§ WHAT IS REQUIRED:
All of the listing should be output exactly, apart from the pictures.

§ EXCERPTED RECORDS:

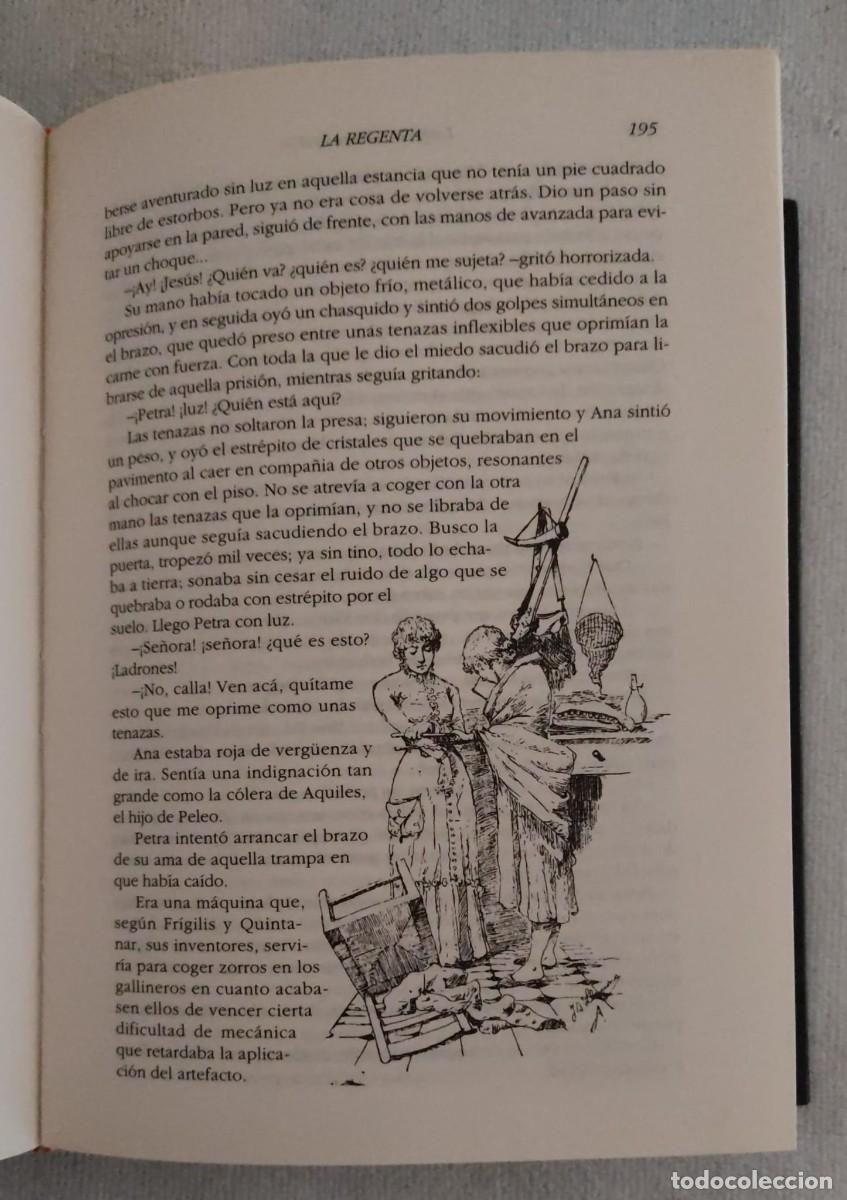 Libros de segunda mano: LA REGENTA. - Foto 6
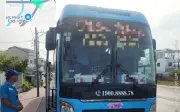 Xe khách chở quá 13 người ở Đồng Tháp bị phạt gần 100 triệu đồng
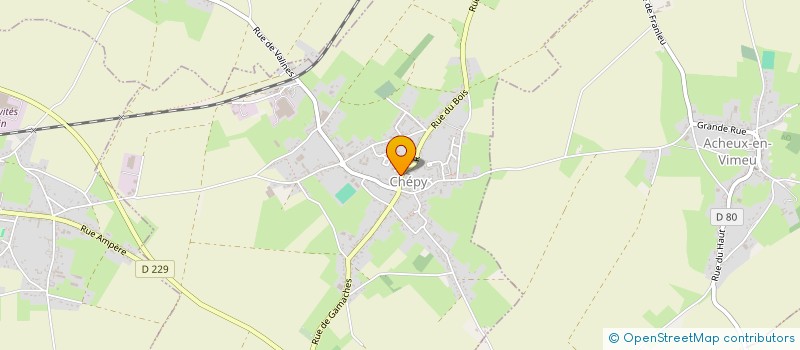 localisation de l'entreprise MADAME MARIE-HELENE GAMBET  CHEPY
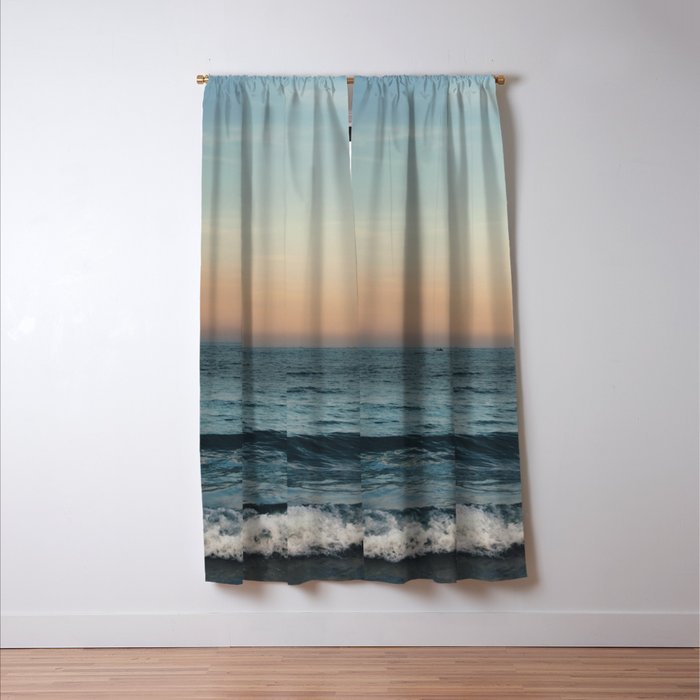 Summer Sunset | Nature and Landscape Photography Window Curtain Gallery Image 3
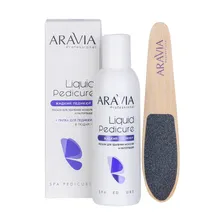 Лосьон для удаления мозолей и натоптышей "Жидкий педикюр" Aravia Professional 150 мл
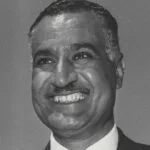 Gamal Abdel Nasser in 1962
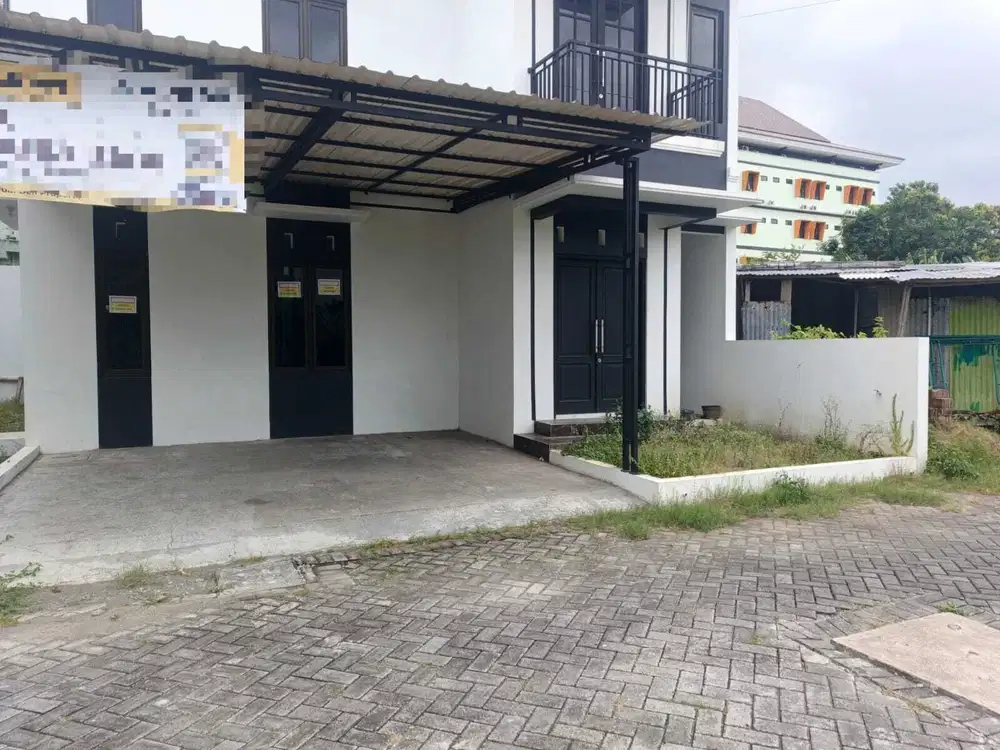 Rumah Baru Dalam Perumahan Non Furnish Lokasi Umbulharjo Dekat UAD 4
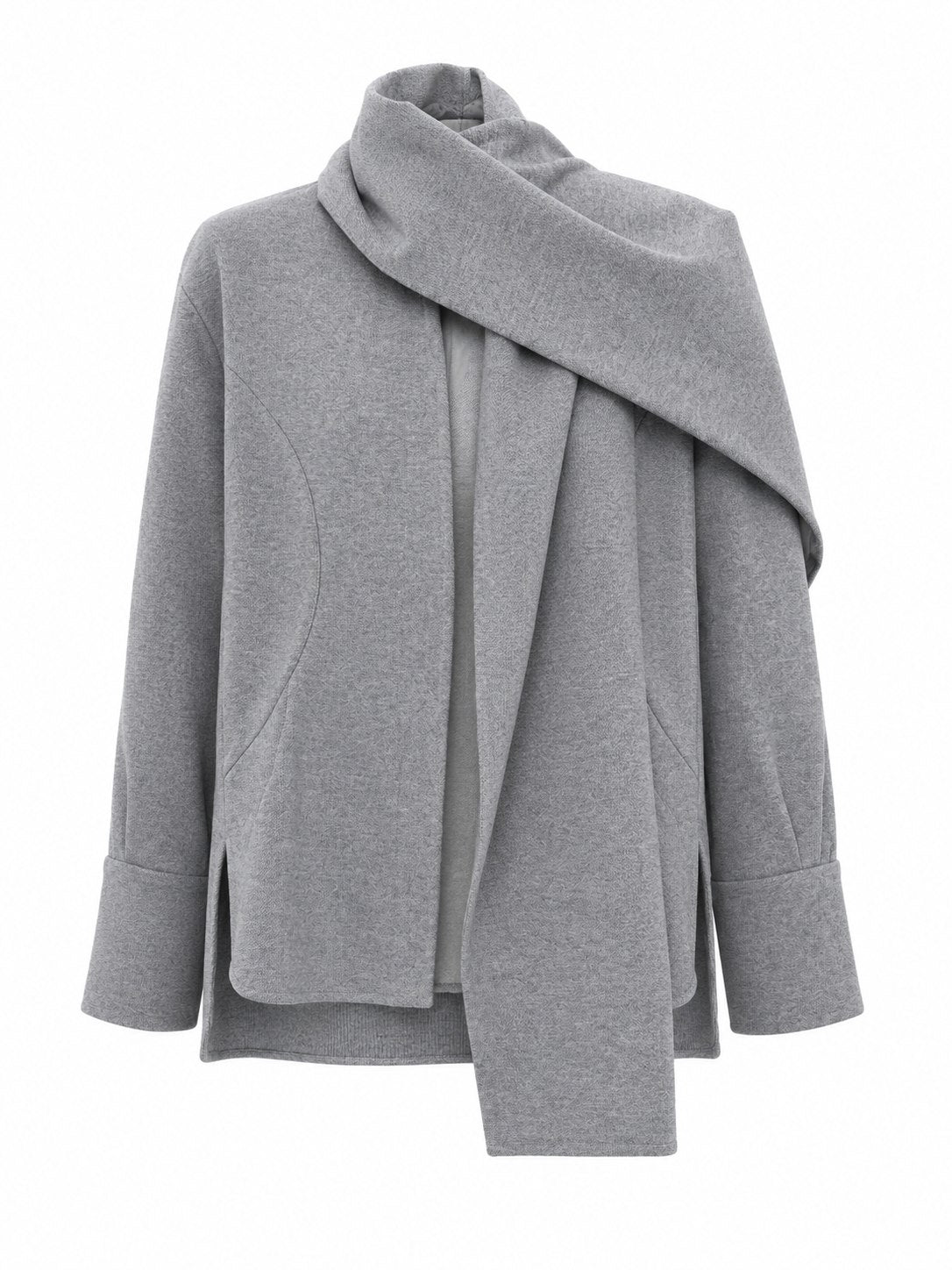 Shirt with Scarf — GASANOVA FW26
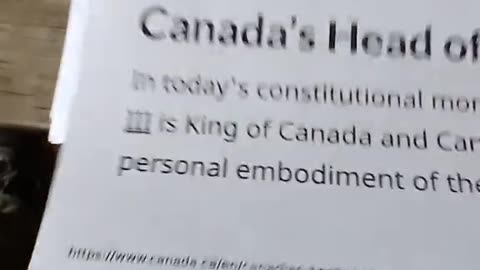 His Majesty King Charles, you cannot be governed after 18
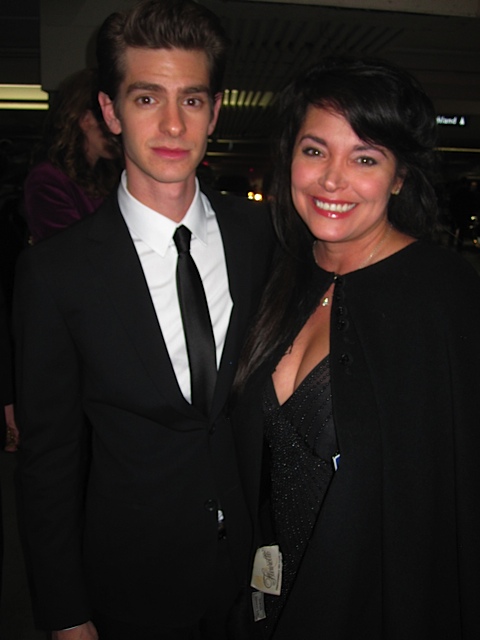 Devin and Andrew Garfield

§ WRITTEN RESPONSE:
 Libros de segunda mano: LA REGENTA. - Foto 6
 Xe khách chở quá 13 người ở Đồng Tháp bị phạt gần 100 triệu đồng
 localisation de l'entreprise MADAME MARIE-HELENE GAMBET  CHEPY
 Summer Sunset | Nature and Landscape Photography Window Curtain Gallery Image 3
 Лосьон для удаления мозолей и натоптышей "Жидкий педикюр" Aravia Professional 150 мл
 Gamal Abdel Nasser in 1962
 Rumah Baru Dalam Perumahan Non Furnish Lokasi Umbulharjo Dekat UAD 4
 Shirt with Scarf — GASANOVA FW26
 His Majesty King Charles, you cannot be governed after 18
 Devin and Andrew Garfield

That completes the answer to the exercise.